SONAR can fine-mapping co-localized cell types at tumor leading edge

We further applied SONAR to resolve heterogeneity of tumor leading edge region in primary liver cancer. The four samples HCC-1L, HCC-2L, HCC-3L, and HCC-4L, which generated by 10x Visium platform25, all constitute of Normal, Tumor, and Transition regions in one slice. We applied single-cell dataset in ref. 49, which contained ~74,000 cells and was annotated to 17 cell types, as reference.

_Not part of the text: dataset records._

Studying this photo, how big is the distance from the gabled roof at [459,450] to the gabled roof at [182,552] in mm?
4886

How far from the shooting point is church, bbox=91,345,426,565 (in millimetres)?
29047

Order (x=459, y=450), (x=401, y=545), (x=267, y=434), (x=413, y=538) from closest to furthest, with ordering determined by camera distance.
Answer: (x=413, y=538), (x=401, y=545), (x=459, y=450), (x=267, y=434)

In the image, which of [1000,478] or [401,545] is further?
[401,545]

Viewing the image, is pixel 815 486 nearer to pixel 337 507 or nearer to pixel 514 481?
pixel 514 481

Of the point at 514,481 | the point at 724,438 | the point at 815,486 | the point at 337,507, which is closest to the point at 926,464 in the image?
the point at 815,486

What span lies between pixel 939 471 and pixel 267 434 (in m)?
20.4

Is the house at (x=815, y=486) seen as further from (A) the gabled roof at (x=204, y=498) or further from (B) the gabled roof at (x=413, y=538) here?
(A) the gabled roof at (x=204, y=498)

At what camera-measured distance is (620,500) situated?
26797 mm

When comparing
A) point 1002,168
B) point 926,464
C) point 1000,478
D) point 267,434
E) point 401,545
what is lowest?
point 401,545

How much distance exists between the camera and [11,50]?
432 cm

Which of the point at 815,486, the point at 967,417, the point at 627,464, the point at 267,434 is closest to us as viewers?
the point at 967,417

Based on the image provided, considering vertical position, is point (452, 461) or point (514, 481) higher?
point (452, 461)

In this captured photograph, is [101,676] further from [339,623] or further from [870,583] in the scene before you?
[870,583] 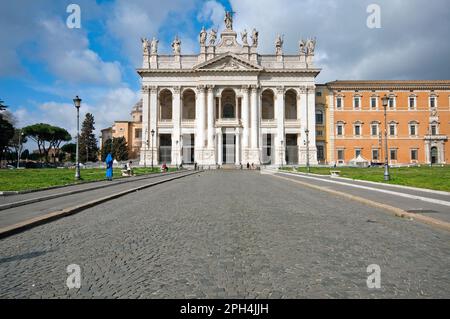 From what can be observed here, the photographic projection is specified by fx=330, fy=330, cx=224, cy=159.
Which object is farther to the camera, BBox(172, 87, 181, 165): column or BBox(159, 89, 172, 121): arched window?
BBox(159, 89, 172, 121): arched window

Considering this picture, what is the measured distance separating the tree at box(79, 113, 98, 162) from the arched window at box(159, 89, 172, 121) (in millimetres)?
29123

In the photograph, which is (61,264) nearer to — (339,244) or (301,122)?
(339,244)

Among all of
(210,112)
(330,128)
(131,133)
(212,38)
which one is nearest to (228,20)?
(212,38)

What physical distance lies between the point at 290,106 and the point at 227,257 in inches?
2491

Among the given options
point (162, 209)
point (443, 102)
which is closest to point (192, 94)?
point (443, 102)

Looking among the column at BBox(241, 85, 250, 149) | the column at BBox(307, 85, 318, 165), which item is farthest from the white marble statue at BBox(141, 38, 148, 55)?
the column at BBox(307, 85, 318, 165)

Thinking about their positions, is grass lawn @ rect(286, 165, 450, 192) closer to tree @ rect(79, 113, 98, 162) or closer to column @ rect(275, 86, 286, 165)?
column @ rect(275, 86, 286, 165)

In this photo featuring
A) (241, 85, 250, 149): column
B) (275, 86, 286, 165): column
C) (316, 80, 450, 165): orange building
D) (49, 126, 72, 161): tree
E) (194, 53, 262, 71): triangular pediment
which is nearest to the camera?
(194, 53, 262, 71): triangular pediment

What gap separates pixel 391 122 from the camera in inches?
2443

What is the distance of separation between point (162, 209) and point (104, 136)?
334 ft

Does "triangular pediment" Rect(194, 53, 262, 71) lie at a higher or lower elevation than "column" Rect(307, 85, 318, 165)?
higher

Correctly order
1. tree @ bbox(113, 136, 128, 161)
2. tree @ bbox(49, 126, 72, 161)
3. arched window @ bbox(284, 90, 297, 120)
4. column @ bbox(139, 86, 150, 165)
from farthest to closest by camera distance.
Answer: tree @ bbox(49, 126, 72, 161)
tree @ bbox(113, 136, 128, 161)
arched window @ bbox(284, 90, 297, 120)
column @ bbox(139, 86, 150, 165)

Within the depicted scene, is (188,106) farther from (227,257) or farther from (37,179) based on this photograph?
(227,257)

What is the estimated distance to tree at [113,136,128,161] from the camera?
259 feet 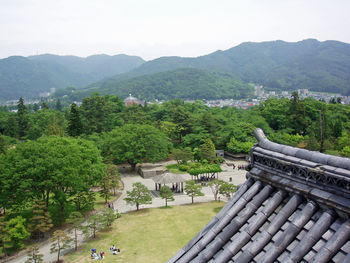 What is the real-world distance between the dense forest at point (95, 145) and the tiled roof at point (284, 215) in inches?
609

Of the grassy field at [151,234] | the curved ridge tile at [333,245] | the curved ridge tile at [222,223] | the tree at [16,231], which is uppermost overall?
the curved ridge tile at [333,245]

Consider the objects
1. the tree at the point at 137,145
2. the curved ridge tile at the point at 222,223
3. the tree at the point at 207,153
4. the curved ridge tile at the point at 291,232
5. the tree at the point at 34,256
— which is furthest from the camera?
the tree at the point at 207,153

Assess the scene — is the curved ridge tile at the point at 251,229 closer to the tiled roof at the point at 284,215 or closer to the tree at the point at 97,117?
the tiled roof at the point at 284,215

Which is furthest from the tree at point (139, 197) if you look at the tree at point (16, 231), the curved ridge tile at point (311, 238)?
the curved ridge tile at point (311, 238)

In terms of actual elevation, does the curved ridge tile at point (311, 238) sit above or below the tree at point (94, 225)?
above

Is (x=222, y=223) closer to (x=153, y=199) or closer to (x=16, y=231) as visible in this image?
(x=16, y=231)

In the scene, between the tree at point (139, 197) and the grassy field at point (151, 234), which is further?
the tree at point (139, 197)

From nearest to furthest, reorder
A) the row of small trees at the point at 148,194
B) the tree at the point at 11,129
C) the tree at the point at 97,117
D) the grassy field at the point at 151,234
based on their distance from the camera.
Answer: the grassy field at the point at 151,234 < the row of small trees at the point at 148,194 < the tree at the point at 97,117 < the tree at the point at 11,129

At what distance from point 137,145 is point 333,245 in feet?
103

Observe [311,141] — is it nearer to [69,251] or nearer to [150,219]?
[150,219]

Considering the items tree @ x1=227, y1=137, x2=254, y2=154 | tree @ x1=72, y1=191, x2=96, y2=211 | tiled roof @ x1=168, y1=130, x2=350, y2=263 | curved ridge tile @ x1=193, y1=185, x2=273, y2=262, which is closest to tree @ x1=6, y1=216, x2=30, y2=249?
tree @ x1=72, y1=191, x2=96, y2=211

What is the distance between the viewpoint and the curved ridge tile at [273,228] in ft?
16.4

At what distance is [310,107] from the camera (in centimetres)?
5028

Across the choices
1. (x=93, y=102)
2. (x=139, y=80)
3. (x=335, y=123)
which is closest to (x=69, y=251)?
(x=93, y=102) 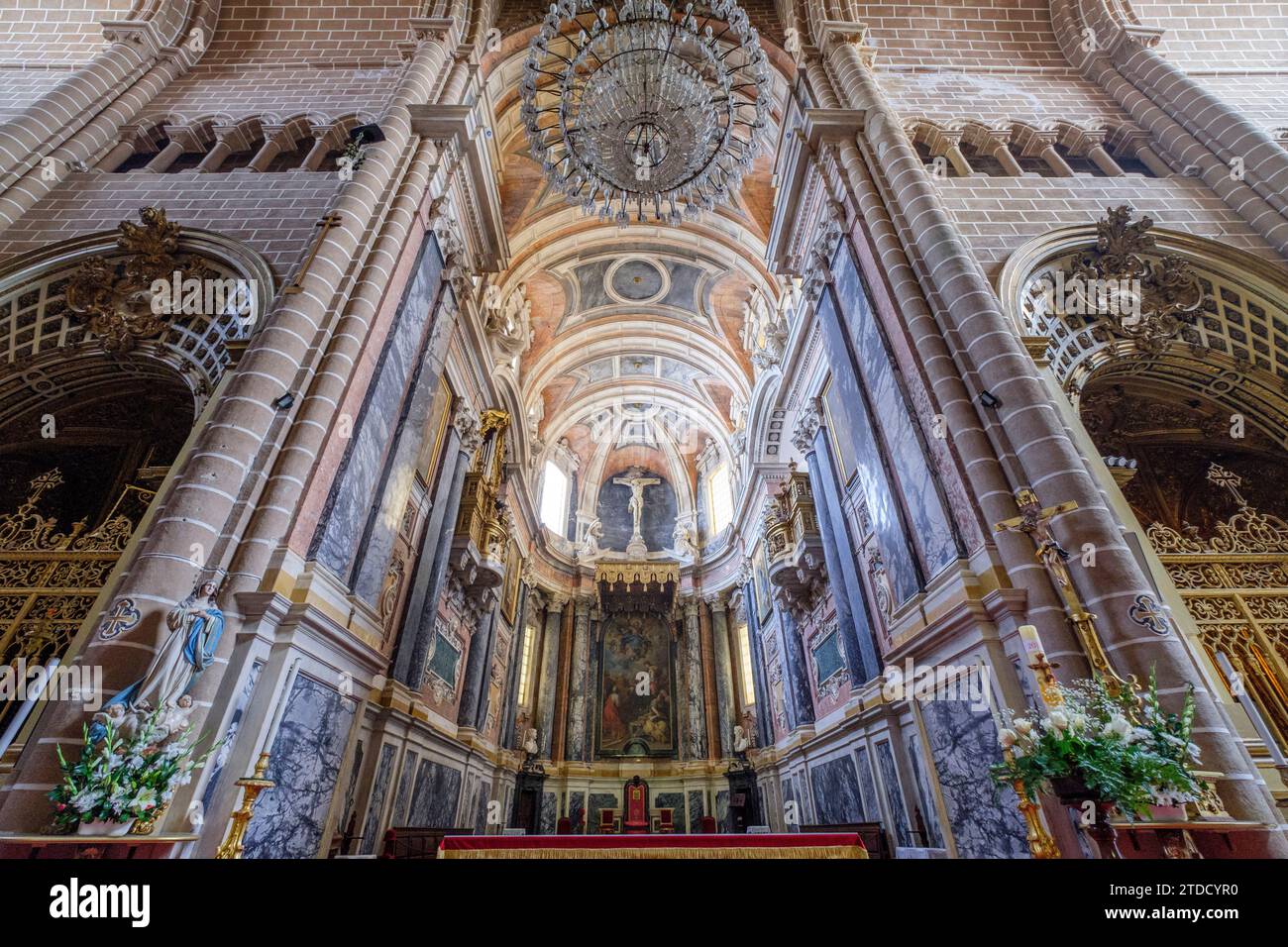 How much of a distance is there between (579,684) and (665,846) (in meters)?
13.6

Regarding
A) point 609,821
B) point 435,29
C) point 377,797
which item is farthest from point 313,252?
point 609,821

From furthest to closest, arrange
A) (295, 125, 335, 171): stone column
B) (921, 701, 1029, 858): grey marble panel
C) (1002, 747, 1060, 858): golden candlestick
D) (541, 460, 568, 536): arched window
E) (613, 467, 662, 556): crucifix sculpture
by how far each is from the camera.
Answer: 1. (613, 467, 662, 556): crucifix sculpture
2. (541, 460, 568, 536): arched window
3. (295, 125, 335, 171): stone column
4. (921, 701, 1029, 858): grey marble panel
5. (1002, 747, 1060, 858): golden candlestick

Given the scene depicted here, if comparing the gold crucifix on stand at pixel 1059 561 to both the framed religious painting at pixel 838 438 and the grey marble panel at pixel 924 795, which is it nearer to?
the grey marble panel at pixel 924 795

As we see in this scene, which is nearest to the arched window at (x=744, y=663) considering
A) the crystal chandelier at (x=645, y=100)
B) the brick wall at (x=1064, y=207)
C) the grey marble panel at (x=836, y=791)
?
the grey marble panel at (x=836, y=791)

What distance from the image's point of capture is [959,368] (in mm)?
6352

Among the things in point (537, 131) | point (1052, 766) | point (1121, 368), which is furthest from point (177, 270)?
point (1121, 368)

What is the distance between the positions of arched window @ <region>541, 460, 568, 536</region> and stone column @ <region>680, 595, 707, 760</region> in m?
5.77

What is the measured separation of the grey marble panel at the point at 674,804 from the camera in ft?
53.1

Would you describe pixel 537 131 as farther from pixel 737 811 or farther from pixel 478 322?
pixel 737 811

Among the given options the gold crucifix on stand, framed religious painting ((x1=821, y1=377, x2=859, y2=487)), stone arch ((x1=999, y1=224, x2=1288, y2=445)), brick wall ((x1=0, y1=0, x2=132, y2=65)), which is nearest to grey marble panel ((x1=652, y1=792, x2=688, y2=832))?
framed religious painting ((x1=821, y1=377, x2=859, y2=487))

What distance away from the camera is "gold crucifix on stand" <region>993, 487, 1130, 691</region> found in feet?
13.8

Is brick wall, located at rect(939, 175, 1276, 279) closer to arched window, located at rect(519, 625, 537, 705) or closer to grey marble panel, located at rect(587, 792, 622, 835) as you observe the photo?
arched window, located at rect(519, 625, 537, 705)

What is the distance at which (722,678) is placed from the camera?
1802cm

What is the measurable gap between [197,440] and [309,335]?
161 cm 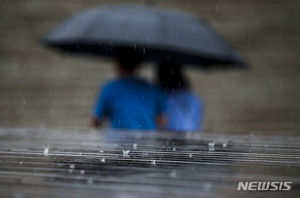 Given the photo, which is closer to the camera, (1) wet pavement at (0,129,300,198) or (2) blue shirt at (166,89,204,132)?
(1) wet pavement at (0,129,300,198)

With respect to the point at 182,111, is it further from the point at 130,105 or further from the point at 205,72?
the point at 205,72

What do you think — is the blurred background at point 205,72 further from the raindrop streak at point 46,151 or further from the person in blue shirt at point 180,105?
the raindrop streak at point 46,151

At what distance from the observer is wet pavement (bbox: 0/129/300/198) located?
113 centimetres

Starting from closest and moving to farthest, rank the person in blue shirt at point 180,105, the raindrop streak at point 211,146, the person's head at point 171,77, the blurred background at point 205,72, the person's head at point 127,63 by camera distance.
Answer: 1. the raindrop streak at point 211,146
2. the person's head at point 127,63
3. the person in blue shirt at point 180,105
4. the person's head at point 171,77
5. the blurred background at point 205,72

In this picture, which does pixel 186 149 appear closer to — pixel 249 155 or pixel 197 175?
pixel 249 155

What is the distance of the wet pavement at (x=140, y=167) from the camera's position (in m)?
1.13

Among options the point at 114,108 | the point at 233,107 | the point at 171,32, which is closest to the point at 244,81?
the point at 233,107

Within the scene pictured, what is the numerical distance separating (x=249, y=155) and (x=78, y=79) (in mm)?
5355

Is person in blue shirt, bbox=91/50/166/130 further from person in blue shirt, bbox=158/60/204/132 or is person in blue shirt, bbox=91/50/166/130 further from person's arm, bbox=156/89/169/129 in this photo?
person in blue shirt, bbox=158/60/204/132

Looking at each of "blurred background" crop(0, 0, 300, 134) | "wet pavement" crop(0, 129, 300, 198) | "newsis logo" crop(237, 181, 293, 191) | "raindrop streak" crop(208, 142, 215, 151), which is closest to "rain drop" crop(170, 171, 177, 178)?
"wet pavement" crop(0, 129, 300, 198)

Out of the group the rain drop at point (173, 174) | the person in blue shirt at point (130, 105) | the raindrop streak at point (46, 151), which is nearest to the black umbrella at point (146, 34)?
the person in blue shirt at point (130, 105)

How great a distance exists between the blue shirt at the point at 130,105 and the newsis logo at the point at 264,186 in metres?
2.48

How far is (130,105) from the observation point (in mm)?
3766

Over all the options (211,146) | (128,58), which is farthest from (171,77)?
(211,146) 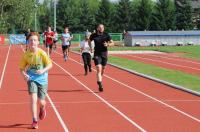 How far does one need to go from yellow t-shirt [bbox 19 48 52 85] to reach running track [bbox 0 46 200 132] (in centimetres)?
94

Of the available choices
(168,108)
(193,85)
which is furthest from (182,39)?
(168,108)

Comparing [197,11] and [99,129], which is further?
[197,11]

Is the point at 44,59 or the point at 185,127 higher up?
the point at 44,59

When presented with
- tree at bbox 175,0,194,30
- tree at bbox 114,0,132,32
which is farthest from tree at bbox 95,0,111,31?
tree at bbox 175,0,194,30

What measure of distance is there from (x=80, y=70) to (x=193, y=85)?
7.14m

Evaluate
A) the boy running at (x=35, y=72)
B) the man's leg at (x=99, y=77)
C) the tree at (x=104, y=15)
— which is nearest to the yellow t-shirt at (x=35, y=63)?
the boy running at (x=35, y=72)

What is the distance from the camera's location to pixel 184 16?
9369 centimetres

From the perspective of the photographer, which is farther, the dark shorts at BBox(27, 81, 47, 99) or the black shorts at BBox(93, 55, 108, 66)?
the black shorts at BBox(93, 55, 108, 66)

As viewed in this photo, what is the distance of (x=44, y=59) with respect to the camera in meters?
9.82

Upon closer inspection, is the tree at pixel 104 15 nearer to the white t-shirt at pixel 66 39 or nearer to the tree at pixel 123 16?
the tree at pixel 123 16

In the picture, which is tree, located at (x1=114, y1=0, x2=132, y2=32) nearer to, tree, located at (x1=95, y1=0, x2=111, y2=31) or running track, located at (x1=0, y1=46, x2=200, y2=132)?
tree, located at (x1=95, y1=0, x2=111, y2=31)

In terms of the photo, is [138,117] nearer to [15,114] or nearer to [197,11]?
[15,114]

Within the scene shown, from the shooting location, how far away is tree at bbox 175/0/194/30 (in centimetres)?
9300

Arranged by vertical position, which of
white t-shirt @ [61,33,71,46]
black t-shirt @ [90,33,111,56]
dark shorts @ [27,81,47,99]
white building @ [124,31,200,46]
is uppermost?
black t-shirt @ [90,33,111,56] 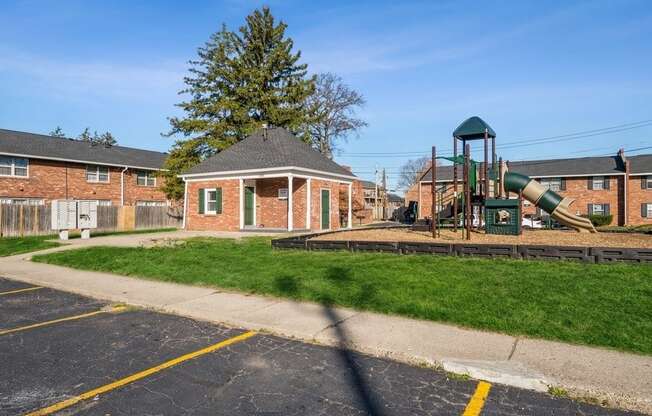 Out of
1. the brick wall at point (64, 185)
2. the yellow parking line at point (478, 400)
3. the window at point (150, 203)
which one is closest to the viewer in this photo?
the yellow parking line at point (478, 400)

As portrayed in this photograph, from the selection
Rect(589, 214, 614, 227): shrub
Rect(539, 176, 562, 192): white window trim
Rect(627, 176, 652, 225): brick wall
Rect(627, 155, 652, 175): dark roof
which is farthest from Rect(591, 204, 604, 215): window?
Rect(627, 155, 652, 175): dark roof

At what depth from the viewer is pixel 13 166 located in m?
26.2

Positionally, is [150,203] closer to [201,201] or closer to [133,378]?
[201,201]

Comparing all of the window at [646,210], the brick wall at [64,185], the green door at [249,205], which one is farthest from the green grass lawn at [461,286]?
the window at [646,210]

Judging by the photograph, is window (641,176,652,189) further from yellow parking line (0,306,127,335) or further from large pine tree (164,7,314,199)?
yellow parking line (0,306,127,335)

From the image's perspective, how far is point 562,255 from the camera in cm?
921

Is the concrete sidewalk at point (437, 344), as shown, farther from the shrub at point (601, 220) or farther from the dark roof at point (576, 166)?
the shrub at point (601, 220)

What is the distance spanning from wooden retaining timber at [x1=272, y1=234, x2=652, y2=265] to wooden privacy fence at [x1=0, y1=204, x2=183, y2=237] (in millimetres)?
17175

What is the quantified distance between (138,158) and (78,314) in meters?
31.2

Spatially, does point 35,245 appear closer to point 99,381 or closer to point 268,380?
point 99,381

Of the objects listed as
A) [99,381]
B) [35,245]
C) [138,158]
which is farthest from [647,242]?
[138,158]

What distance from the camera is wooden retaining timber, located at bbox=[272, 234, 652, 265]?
8688 mm

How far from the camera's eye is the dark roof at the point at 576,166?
1575 inches

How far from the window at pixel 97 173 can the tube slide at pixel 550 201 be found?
91.5 ft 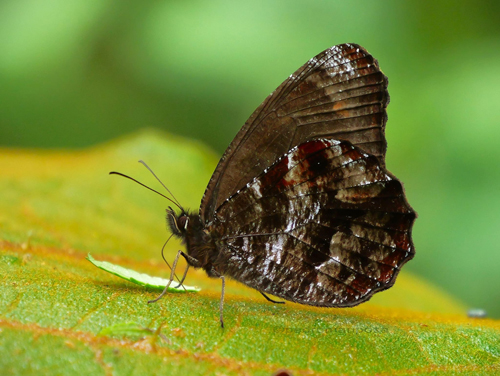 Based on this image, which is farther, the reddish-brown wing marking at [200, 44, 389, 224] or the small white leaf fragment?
the reddish-brown wing marking at [200, 44, 389, 224]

SONAR successfully resolved the spatial distribution of cell types in the samples (Supplementary Fig. 16). The proportions of Fibroblasts and Endothelial cells were mainly mapped by SONAR to the Transition region, which forms the fibrous capsule between Normal and Tumor regions25,50,51 (Fig. 5a and Supplementary Figs. 17 and 18). The proportions of these two cell types in Normal and Tumor regions were observed to be higher in HCC-2L, which has disrupted capsule structure, as compared to the other three samples (Fig. 5b). We also discovered a significantly lower proportion of Myeloid cells in the Normal region compared to the Tumor region only in sample HCC-2L (Supplementary Fig. 17), while in HCC-1L, 3L and 4L this tendency reversed to higher. These regional distinctions between and within samples were in accordance with ref. 25, and were fully characterized only by SONAR and RCTD (Supplementary Figs. 1924. Note that we excluded SD2 in this comparison since its training process did not converge in all four datasets).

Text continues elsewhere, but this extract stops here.